[[ Dataset section open ]]

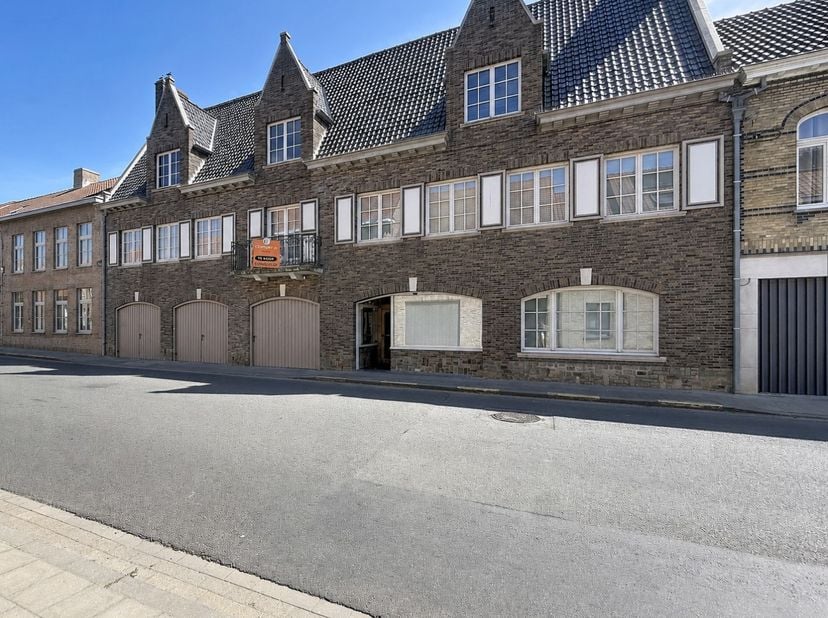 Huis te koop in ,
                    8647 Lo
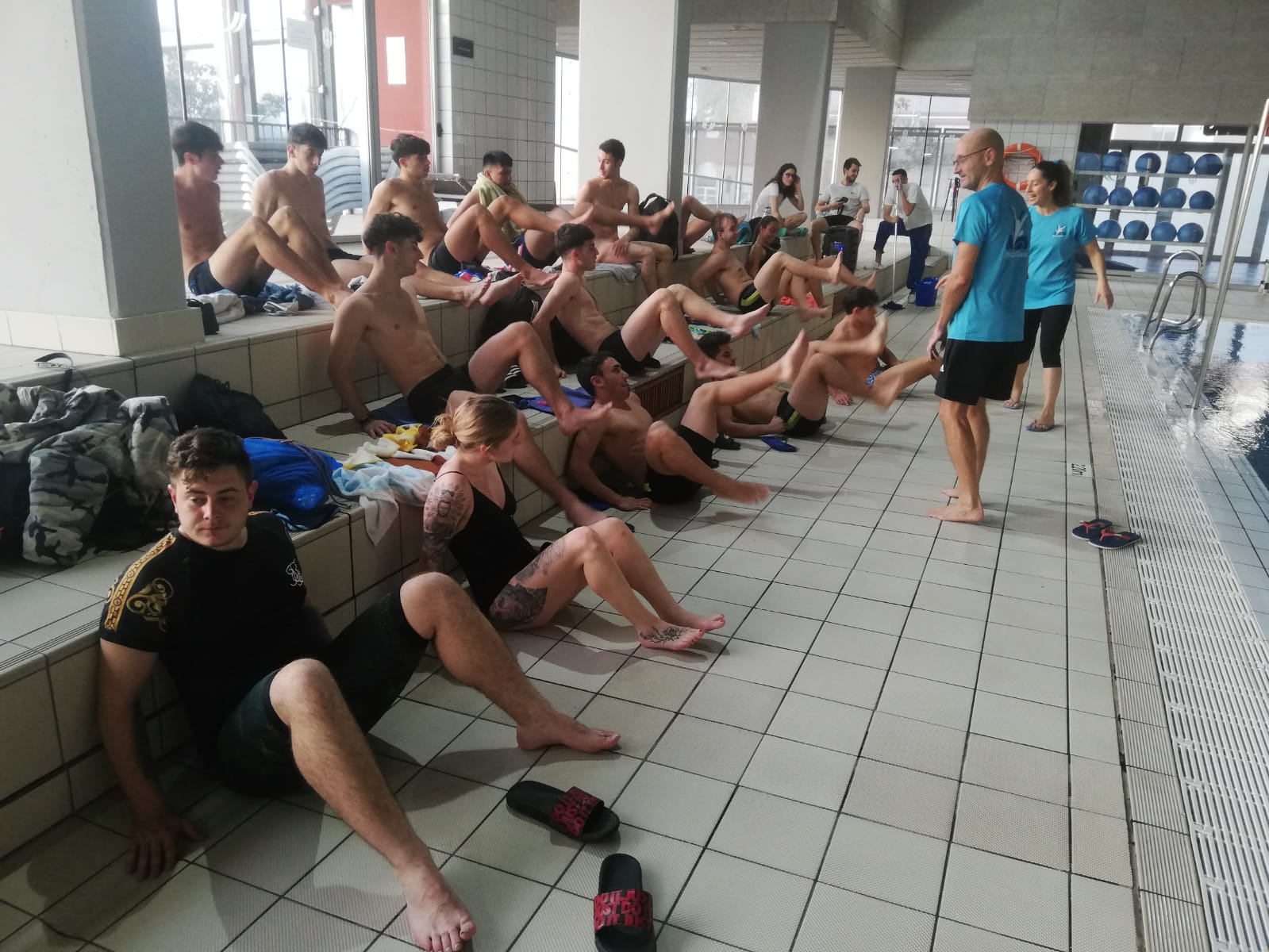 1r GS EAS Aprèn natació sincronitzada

[[ Dataset section closed ]]

Exercise
Keeping every word as it is, write out all the data and omit the pictures.

Your solution
 Huis te koop in ,
                    8647 Lo
 1r GS EAS Aprèn natació sincronitzada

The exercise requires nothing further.